- F1 title battle still on for Brazil finale
- Brazil finale to be 'uncomfortable' for Vettel - Alguersuari
- Massa's deliberate penalty gives Alonso title boost
- Ferrari checked with FIA before changing Austin grid
- Karthikeyan says FIA on his side after Vettel criticism
- Force India decision would almost complete 2013 grid
- 'Joy of racing' makes Schu comeback a success - Andretti
F1 title battle still on for Brazil finale
F1 will have its championship finale in Brazil next Sunday, after Sebastian Vettel failed to win the US GP.
But Red Bull's German further expanded his points lead over his never-say-die title rival Fernando Alonso in Austin, with the gap now 13 points with just the twentieth race of the season in Sao Paulo still lying ahead.
"It's looking a bit better after today," said Vettel. "Now we have another step to make in Brazil."

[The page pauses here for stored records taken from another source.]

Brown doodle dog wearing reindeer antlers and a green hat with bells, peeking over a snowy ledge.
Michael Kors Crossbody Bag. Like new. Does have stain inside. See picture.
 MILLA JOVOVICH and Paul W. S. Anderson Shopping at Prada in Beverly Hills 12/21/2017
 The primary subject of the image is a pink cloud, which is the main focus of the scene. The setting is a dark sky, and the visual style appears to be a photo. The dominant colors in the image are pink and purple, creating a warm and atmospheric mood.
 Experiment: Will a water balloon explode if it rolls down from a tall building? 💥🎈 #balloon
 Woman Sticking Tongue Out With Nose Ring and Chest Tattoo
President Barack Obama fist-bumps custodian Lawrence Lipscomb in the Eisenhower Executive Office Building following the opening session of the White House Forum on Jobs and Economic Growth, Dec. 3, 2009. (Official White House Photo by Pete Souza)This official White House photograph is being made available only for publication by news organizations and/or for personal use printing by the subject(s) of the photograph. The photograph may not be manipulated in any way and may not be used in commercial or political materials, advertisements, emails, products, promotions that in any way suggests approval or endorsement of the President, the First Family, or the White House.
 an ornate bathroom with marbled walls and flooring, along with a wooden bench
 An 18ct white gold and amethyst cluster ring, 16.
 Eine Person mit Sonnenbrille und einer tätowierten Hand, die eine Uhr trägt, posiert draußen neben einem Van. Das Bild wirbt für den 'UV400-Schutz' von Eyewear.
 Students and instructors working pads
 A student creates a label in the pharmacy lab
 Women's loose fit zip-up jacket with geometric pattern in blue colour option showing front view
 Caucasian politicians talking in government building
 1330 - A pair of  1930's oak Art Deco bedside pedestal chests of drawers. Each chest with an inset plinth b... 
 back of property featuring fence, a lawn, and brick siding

Red Bull secured its third consecutive constructors' championship on Sunday, but the team was not really celebrating after Vettel was beaten to the flag by race winner Lewis Hamilton.
Vettel was frustrated to have been passed by McLaren's Hamilton in the DRS zone, after the German was held up in the preceding corners by backmarker Narain Karthikeyan.
"That wasn't your fault," team boss Christian Horner told Vettel - who had sounded furious on the radio - afterwards.
"It's going to be a busy week ahead of us," Horner said on British television Sky.
But the mathematics are very much in Red Bull's favour, because even if Ferrari's Alonso wins at Interlagos next week, Vettel would only have to finish fourth to be champion.
With a looming forecast of rain for Brazil, however, Alonso - who climbed from seventh on the grid to third at the chequered flag on Sunday - is not giving up.
"You've been brilliant all season," F1 legend Mario Andretti told Alonso on the podium, "and obviously you're fighting to the end."
Reliability could also be a factor, as Vettel's teammate Mark Webber retired on Sunday with yet another failed alternator, even though supplier Renault had debuted a new specification this weekend.
"Very much so, it (reliability) is so fragile," Red Bull's Adrian Newey admitted on Sunday. "Renault haven't managed to find a proper solution to that one."
Brazil finale to be 'uncomfortable' for Vettel - Alguersuari
For superstitious Sebastian Vettel, the fact he is 'unlucky 13' points ahead of Fernando Alonso on the cusp of his third drivers' title will not be lost on the German.
"Let's see if it will be lucky in seven days time in Sao Paulo," said Ferrari in a post-race statement.
Actually, the points gap gives Vettel a huge advantage for the 2012 finale, because even if Alonso can drag his less competitive car to the top of the Interlagos podium, Red Bull's German could then finish just fourth and still be champion.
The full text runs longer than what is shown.